Ryan McNeely gets the tables turned on him for his RÁN remix album. As a producer, McNeely's been responsible for creating tracks for Scripts N Screwz and Rockwell Knuckles, and his solo work as Adult Fur takes blocks of sound and makes borderless collages that dip into psych, electronica and R&B. While McNeely is an apt remixer of others' work, on this one he allows friends from home and abroad to take a swing through his songbook. Like any good remix, most of these tracks tell us something about Adult Fur and something about the artist deconstructing the track.

A few treat their assignment as more cover version than remix, which is welcome. CaveofswordS' Sunyatta McDermott sings "Octangler" with a smoky elegance not heard in McNeely's original, and Kevin McDermott has a measured patience in doling out the lightly dubbed guitar notes. It's a standout that is smartly sequenced in the middle of these fourteen tracks. Née's Kristin Dennis takes a more interpretive but no less beautiful approach to rapper Tef Poe's words on opening track "Message," looping herself into a heavenly choir that proclaims "I'm a bad motherfucker, don't embrace me" from somewhere on high.

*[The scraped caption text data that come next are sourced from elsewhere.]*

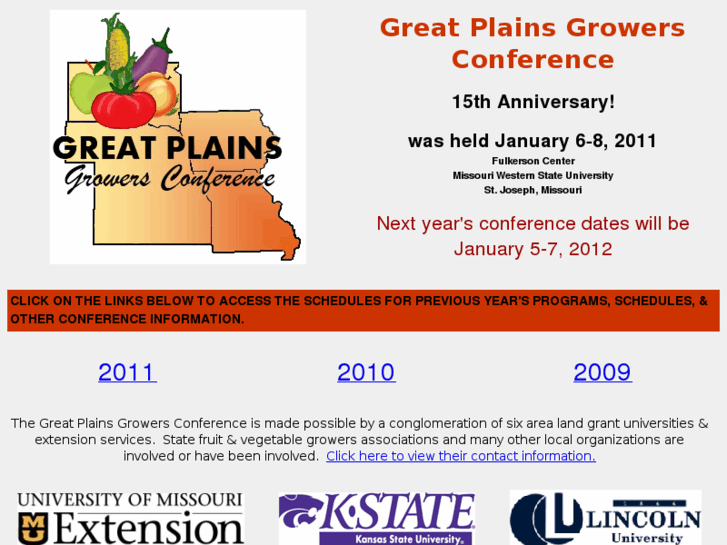 www.greatplainsgrowers.org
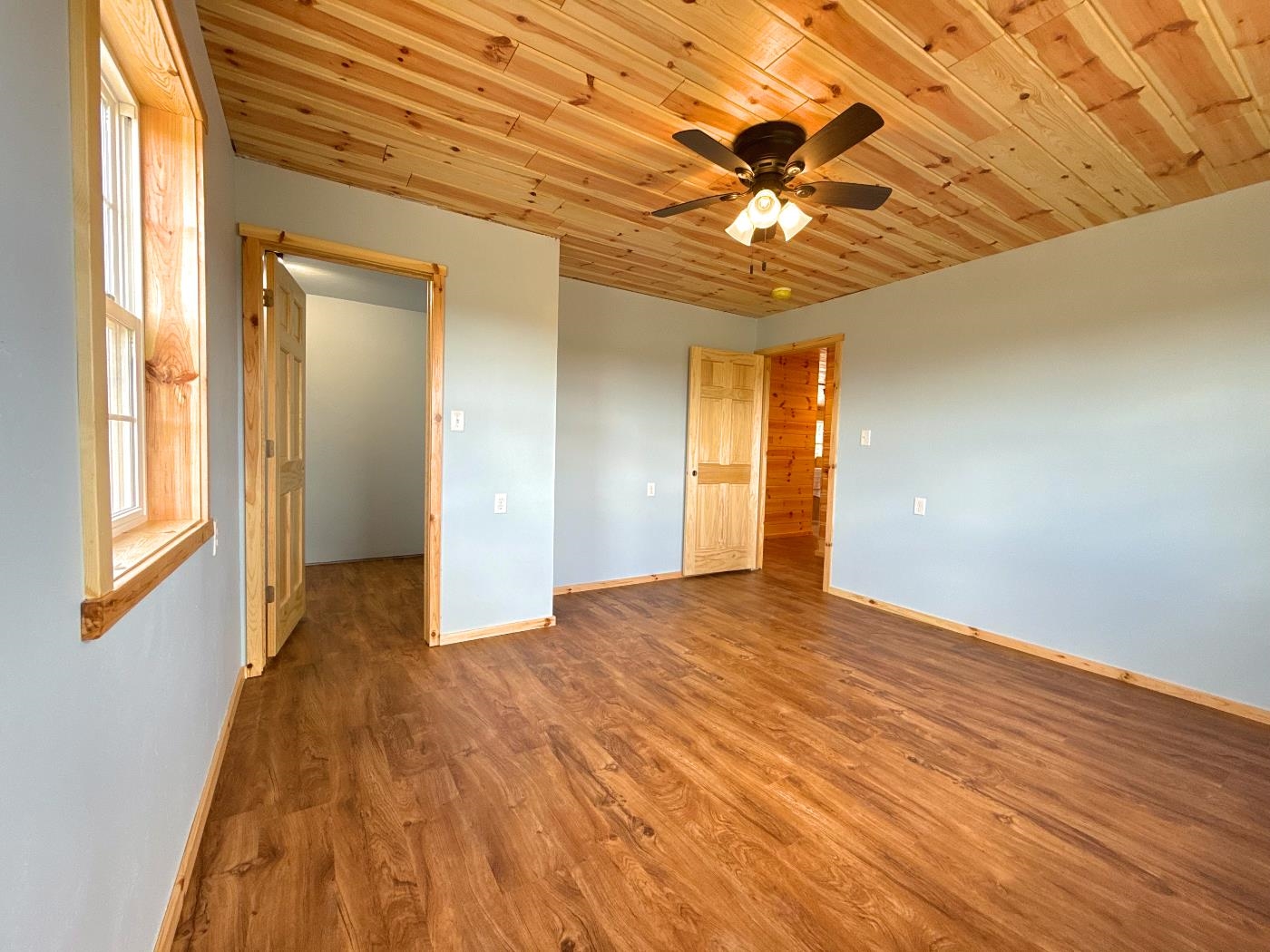 330 South River Drive Pound, WI 54161 - Photo 10 of 22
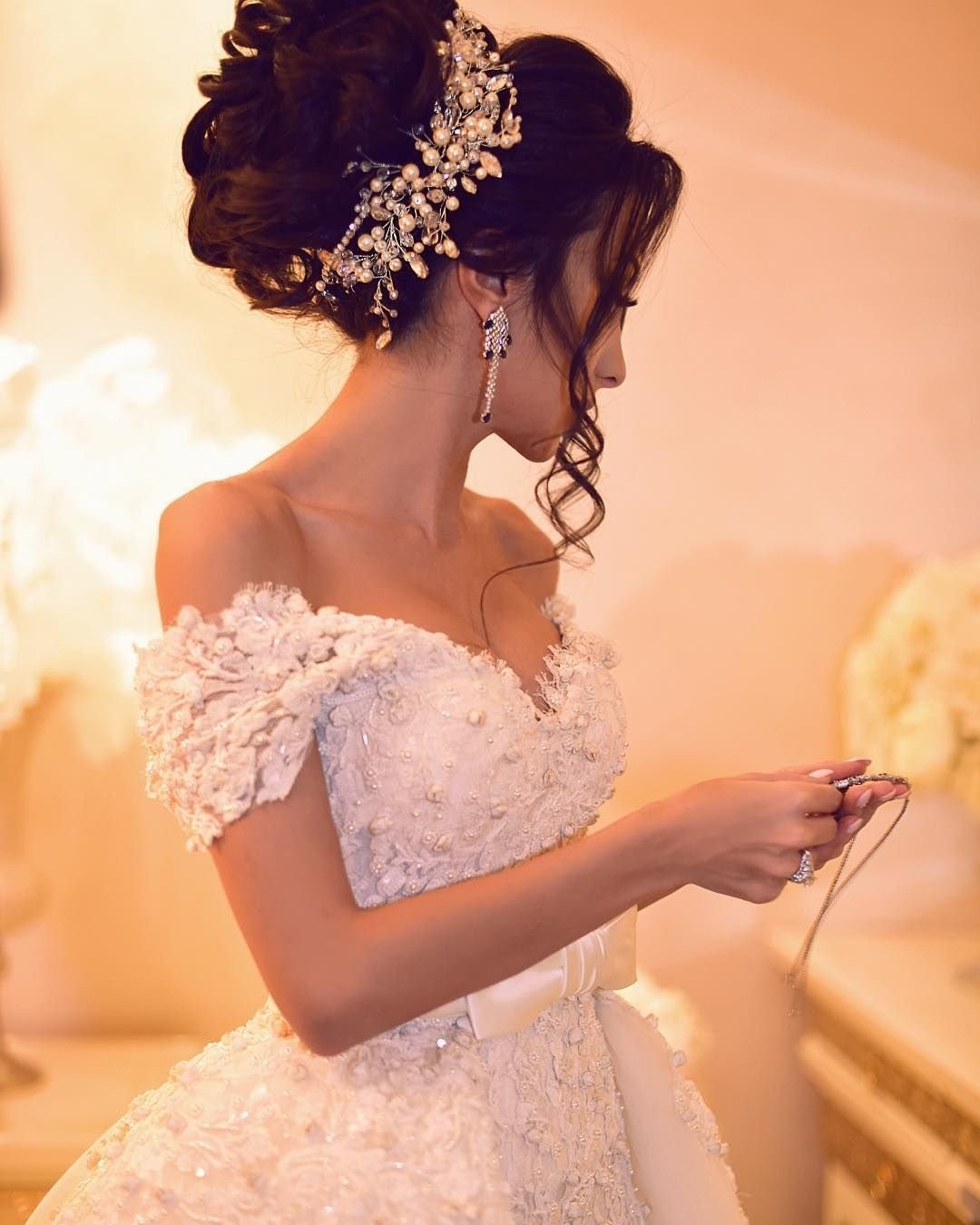 Золушка косплей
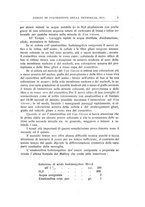 giornale/CFI0443703/1926/unico/00000011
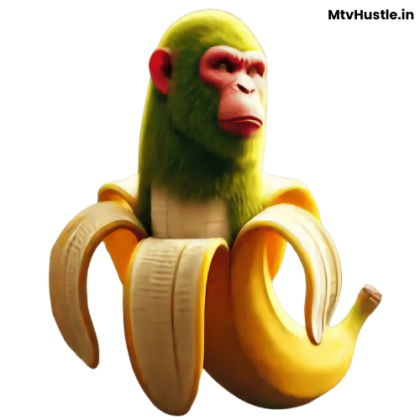 Italian Brainrot Animals List With Image (PNG Download) - MtvHustle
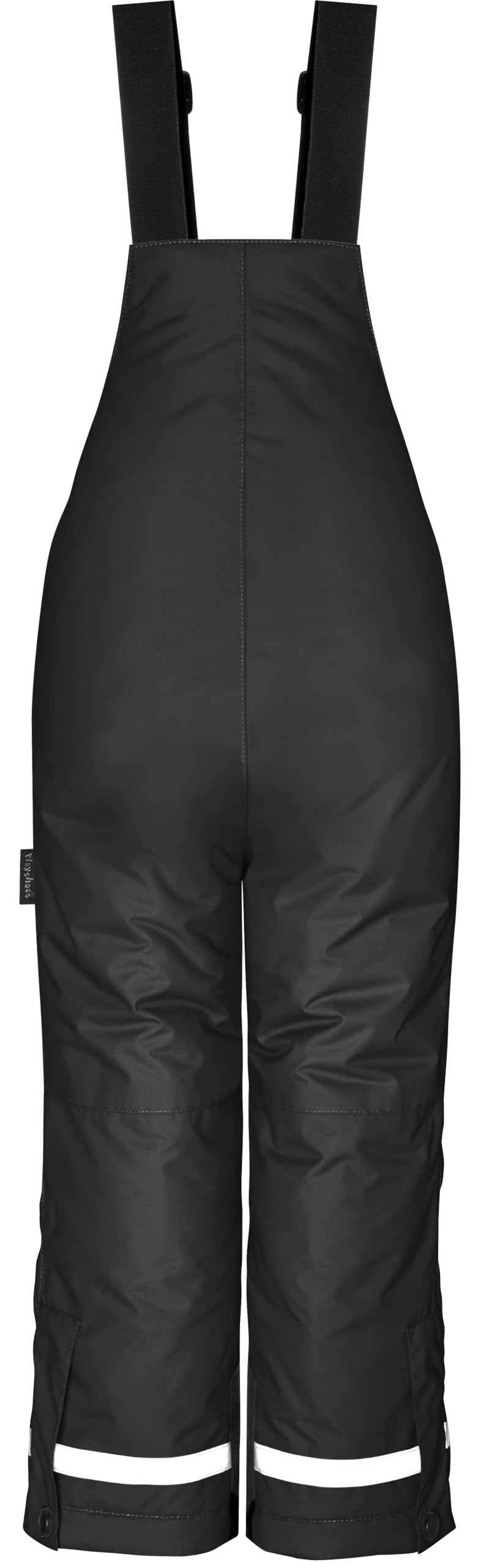 Playshoes Unisex Kinder Schneehose Winterhose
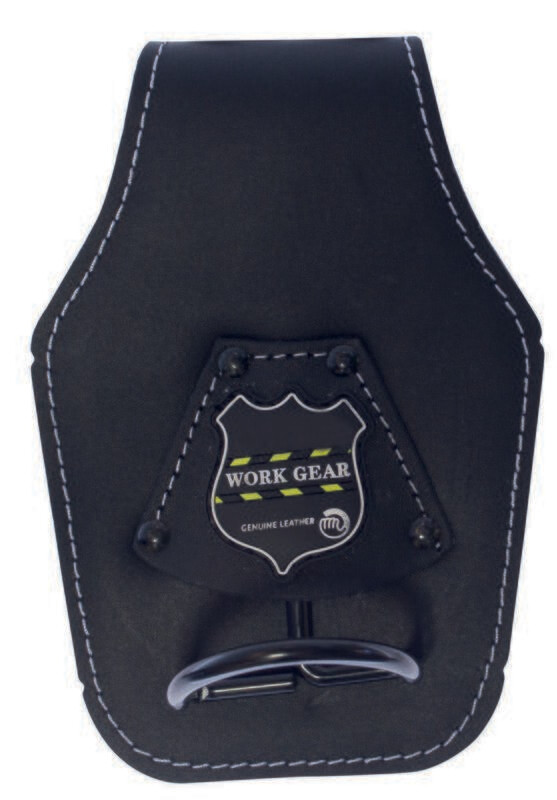 Stubai Hammer holder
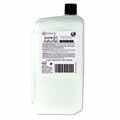 The Dial Hypoallergenic Liquid Soap Refill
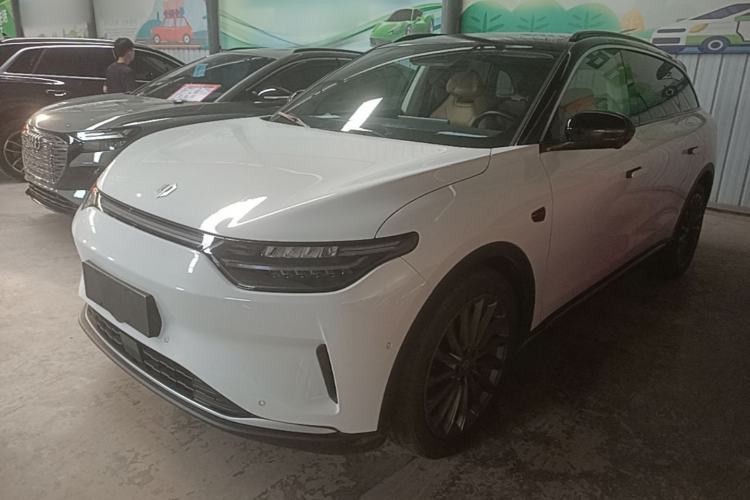 Used Leapmotor C11 2024 All-Electric 580 Luxury Edition Guazi used car, China used car export, Used car for sale, Used  cars, Cheapest cars for sale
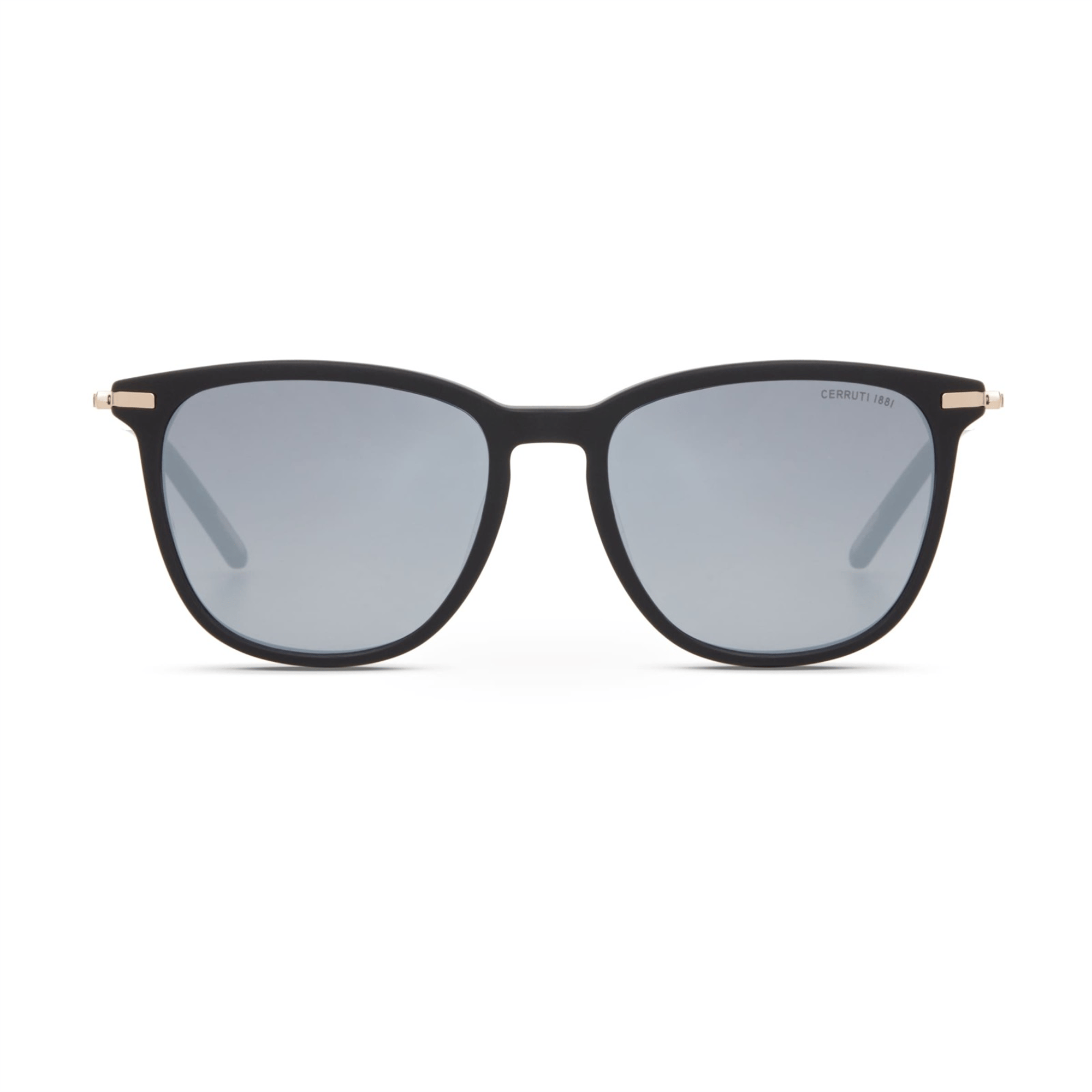 Cerruti 1881 CR 80044 C3 Erkek Güneş Gözlüğü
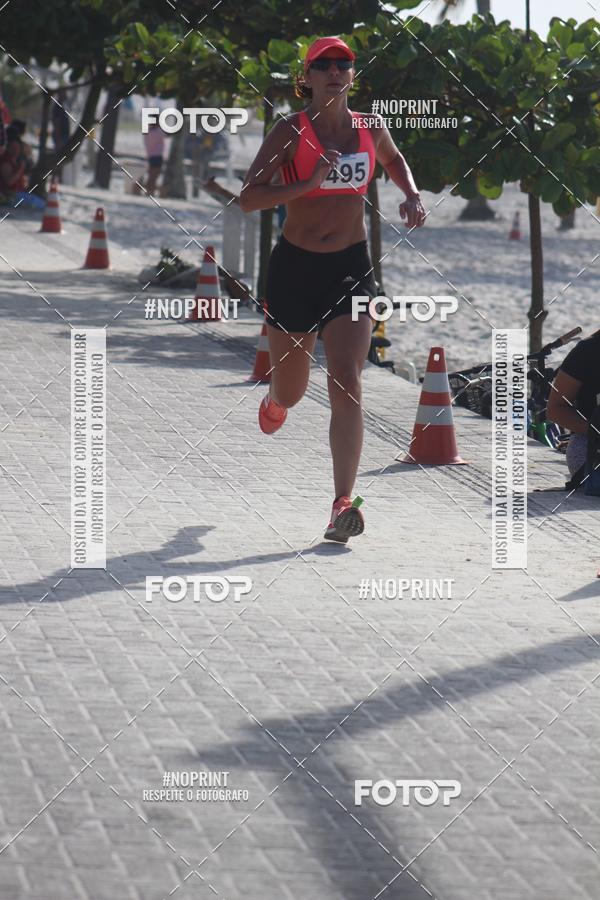 Buy your photos of the eventSegunda Corrida Solidria Projeto Ondas - Circuito Guaruj Terceira Etapa on Fotop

Fellow producer Trifeckta gives the most spirited of the three remixes of "Ellipsis" by speeding up the original's minimal, trancelike patterns and letting them ride through a phaser while a punchy, accented drum beat gives the track more bounce. The Sonictone remix of "I Am Dream," a standout from Adult Fur's 2011 release ii, strips away the dizzying echo and lets guest vocalist Sacha Bernardson's vocals come through uncorrupted while a thin '80s drum machine loop skitters behind it all. (Bernardson's own reworking of that track favors a slightly more chopped-and-screwed approach, using his vocal snippets as percussive elements.) And while McNeely has a global approach (some of his collaborators come from France and Iceland), RÁN is a proudly local affair, with fine work from disparate acts such as Black James, Ou Où and Loose Screwz. These are McNeely's songs, but he's gracious enough to get out of the way and let St. Louis' experimental, electronic and hip-hop scenes use his work as a common ground.